Time Limit: 1000MS		Memory Limit: 10000K
Total Submissions: 1481		Accepted: 485

Description

Mr. Black recently bought a villa in the countryside. Only one thing bothers him: although there are light switches in most rooms, the lights they control are often in other rooms than the switches themselves. While his estate agent saw this as a feature, Mr. Black has come to believe that the electricians were a bit absent-minded (to put it mildly) when they connected the switches to the outlets.

One night, Mr. Black came home late. While standing in the hallway, he noted that the lights in all other rooms were switched off. Unfortunately, Mr. Black was afraid of the dark, so he never dared to enter a room that had its lights out and would never switch off the lights of the room he was in.

After some thought, Mr. Black was able to use the incorrectly wired light switches to his advantage. He managed to get to his bedroom and to switch off all lights except for the one in the bedroom.

You are to write a program that, given a description of a villa, determines how to get from the hallway to the bedroom if only the hallway light is initially switched on. You may never enter a dark room, and after the last move, all lights except for the one in the bedroom must be switched off. If there are several paths to the bedroom, you have to find the one which uses the smallest number of steps, where "move from one room to another", "switch on a light" and "switch off a light" each count as one step.

Input

The input file contains several villa descriptions. Each villa starts with a line containing three integers r, d, and s. r is the number of rooms in the villa, which will be at most 10. d is the number of doors/connections between the rooms and s is the number of light switches in the villa. The rooms are numbered from 1 to r; room number 1 is the hallway, room number r is the bedroom.

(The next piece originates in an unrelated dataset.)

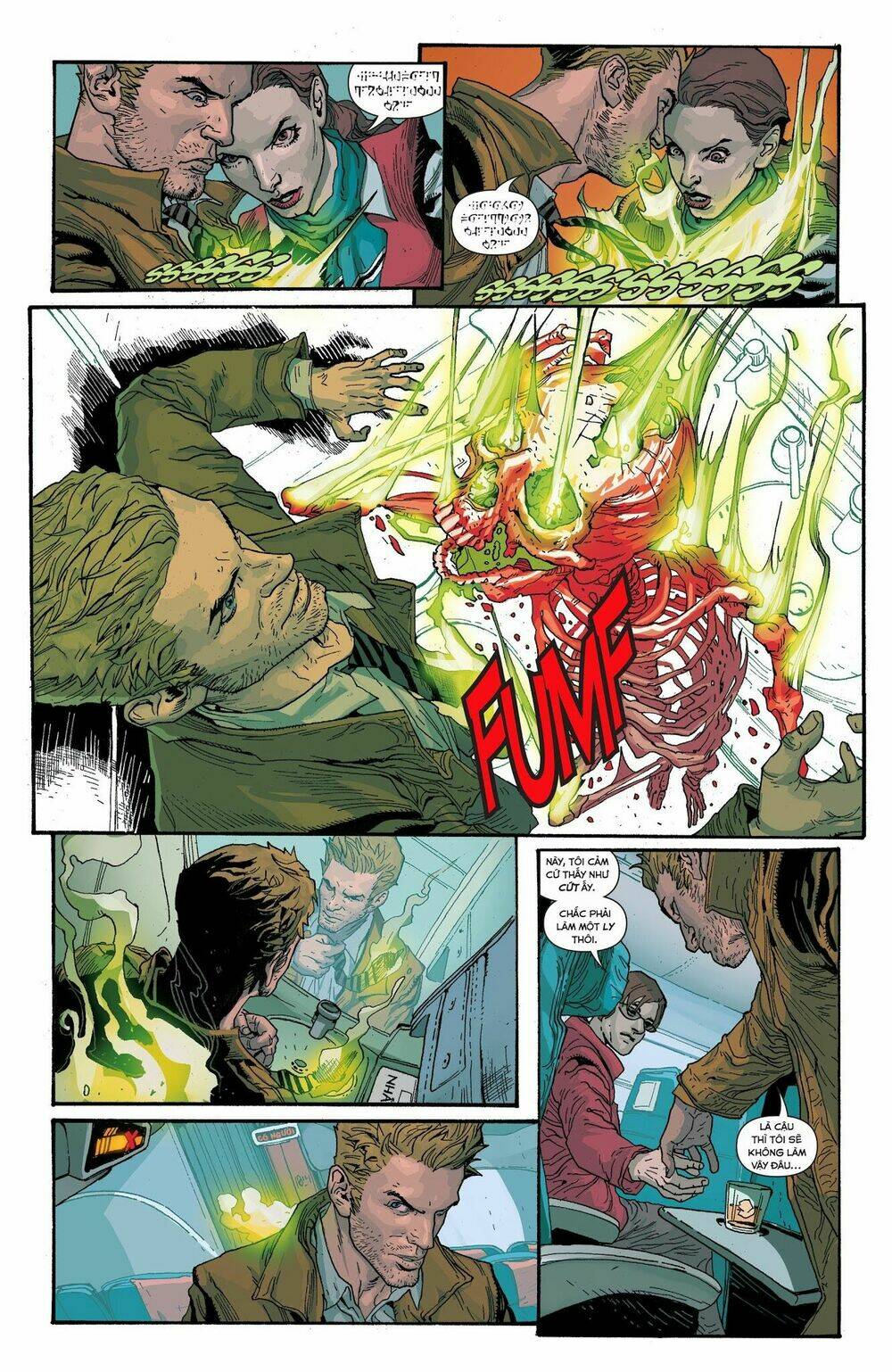 Constantine - Chương 1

This line is followed by d lines containing two integers i and j each, specifying that room i is connected to room j by a door. Then follow s lines containing two integers k and l each, indicating that there is a light switch in room k that controls the light in room l.

A blank line separates the villa description from the next one. The input file ends with a villa having r = d = s = 0, which should not be processed.

Output

For each villa, first output the number of the test case (‘Villa #1‘, ‘Villa #2‘, etc.) in a line of its own.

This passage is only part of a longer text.